The Intelligence of Software Infra Auto-Scaling: Auto-Scaling Will Shift from ‘Expansion’ to ‘Optimization’
To date, auto-scaling often relied on simple traffic metrics (CPU/GPU utilization) to increase or decrease resources. But in large-scale training, additional variables come into play:
- Communication Bottlenecks: Interconnect congestion (NVLink/InfiniBand) dictates training speed
- I/O Bottlenecks: Data preprocessing and loading can idle GPUs
- Mixed Spot/On-Demand Costs: When using interruptible (spot) resources, checkpoint frequency and restart overhead must be factored in
- Job Characteristics: Depending on combinations of data parallelism, tensor parallelism, and pipeline parallelism, there are phases where “more GPUs don’t speed up training”
Thus, post-2026 auto-scaling becomes not about “adding GPUs” but a policy optimization problem minimizing both cost (₩/step) and performance (steps/sec) simultaneously. In practice, the following standards will likely dominate:
- SLO-Based Scaling: Set goals like “training completion time” or “experiment turnover rate,” then find the minimal-cost configuration meeting these targets
- Prediction-Based Scheduling: Learn from past job profiles (communication/memory/I/O) to recommend next placements and resource allocations
- Checkpoint-Aware Operation: Automatically adjust checkpoint intervals and scheduling priorities based on failure and spot interruption probabilities
Software Infra Multi-Cloud Optimization: From ‘Risk Diversification’ to ‘Workload Routing’
Multi-cloud is no longer just insurance. Because of GPU supply, regional power/cost differences, and specific accelerator (TPU/GPU) suitability, workloads will automatically migrate across clouds.
Practically, three core challenges emerge:
- Standardization of Portable Execution Units
- Containers/Kubernetes are basics, but now learning job specs (resources, network, storage requirements) must be managed as code
- Managing Data Residency and Transfer Costs
- Training data is large and sensitive. Often, the steepest costs in multi-cloud setups come not from compute, but from data egress + pipeline reconstruction.

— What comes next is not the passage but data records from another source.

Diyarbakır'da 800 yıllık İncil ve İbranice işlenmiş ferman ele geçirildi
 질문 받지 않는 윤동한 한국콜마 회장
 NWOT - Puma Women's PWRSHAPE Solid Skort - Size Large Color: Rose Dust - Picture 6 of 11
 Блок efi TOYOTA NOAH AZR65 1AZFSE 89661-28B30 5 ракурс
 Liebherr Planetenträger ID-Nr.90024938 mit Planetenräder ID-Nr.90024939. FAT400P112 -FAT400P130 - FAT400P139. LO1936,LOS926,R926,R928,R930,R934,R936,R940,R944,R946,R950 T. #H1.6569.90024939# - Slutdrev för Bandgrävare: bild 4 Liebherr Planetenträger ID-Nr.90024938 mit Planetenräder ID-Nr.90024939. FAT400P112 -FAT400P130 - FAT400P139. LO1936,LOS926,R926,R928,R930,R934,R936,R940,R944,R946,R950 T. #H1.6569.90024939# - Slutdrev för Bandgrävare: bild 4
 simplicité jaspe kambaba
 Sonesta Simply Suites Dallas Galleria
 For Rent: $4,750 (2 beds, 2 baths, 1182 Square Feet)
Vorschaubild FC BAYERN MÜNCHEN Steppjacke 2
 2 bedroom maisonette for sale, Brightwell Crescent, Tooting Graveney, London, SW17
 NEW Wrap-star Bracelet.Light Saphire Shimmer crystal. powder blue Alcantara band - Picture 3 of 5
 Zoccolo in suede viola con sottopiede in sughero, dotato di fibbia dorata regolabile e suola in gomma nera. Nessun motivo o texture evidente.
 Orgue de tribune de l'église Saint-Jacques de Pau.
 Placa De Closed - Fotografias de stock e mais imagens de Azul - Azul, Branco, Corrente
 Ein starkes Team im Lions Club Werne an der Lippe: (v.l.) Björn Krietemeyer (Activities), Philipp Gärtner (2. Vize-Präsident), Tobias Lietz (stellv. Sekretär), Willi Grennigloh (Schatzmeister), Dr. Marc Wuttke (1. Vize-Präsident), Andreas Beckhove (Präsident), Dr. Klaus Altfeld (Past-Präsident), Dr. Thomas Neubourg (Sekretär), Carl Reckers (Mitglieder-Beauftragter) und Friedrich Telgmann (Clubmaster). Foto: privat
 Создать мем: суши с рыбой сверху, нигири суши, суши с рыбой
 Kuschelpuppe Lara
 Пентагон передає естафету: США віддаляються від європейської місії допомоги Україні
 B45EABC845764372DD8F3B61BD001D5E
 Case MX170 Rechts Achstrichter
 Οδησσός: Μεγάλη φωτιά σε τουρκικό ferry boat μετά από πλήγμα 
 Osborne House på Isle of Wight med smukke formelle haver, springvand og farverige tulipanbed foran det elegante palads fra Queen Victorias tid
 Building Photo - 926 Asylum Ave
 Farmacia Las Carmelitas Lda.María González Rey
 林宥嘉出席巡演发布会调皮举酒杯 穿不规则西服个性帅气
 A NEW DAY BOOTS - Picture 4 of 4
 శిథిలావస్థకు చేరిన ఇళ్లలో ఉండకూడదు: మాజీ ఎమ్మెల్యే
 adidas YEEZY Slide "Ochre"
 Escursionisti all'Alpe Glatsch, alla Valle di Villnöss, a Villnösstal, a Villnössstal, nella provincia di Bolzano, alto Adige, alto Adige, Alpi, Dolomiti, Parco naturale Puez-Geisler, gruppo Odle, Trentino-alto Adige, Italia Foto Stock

- Therefore, distributed cache and hierarchical storage (SSD/NVMe + object storage) designs become competitive advantages
- Policy-Based Routing
- Not “Cloud A is cheapest,” but selecting the optimal platform based on job type (communication-intensive/memory-intensive/I/O-intensive) and automating placement accordingly
Ultimately, multi-cloud optimization is the evolution of Software Infra into a “placement decision system” that considers cost, performance, compliance, and availability simultaneously.
Software Infra Personnel and Organizational Changes: Dedicated AI Infra Teams Become the ‘New SRE’
Creating dedicated teams is not merely increasing headcount—it shifts responsibilities. Whereas traditional SREs monitored service availability and metrics, AI infra teams will increasingly own:
- Training Stability (Success Rate): Do jobs run “all the way through” rather than just “quickly”?
- Cluster Utilization: GPU idle rates, fragmentation, queue wait times
- Reproducibility and Auditability: Tracking data/code/environment/model artifacts (experiment governance)
- Cost Transparency (Chargeback/Showback): Making GPU expenses explainable by team
In summary, the post-2026 competitive edge won’t come from “bigger GPU clusters” but from smarter Software Infra operational capabilities. As auto-scaling and multi-cloud become standard, is your organization ready to unify scheduling policies, storage bottlenecks, failure recovery, and cost models into a single operational principle?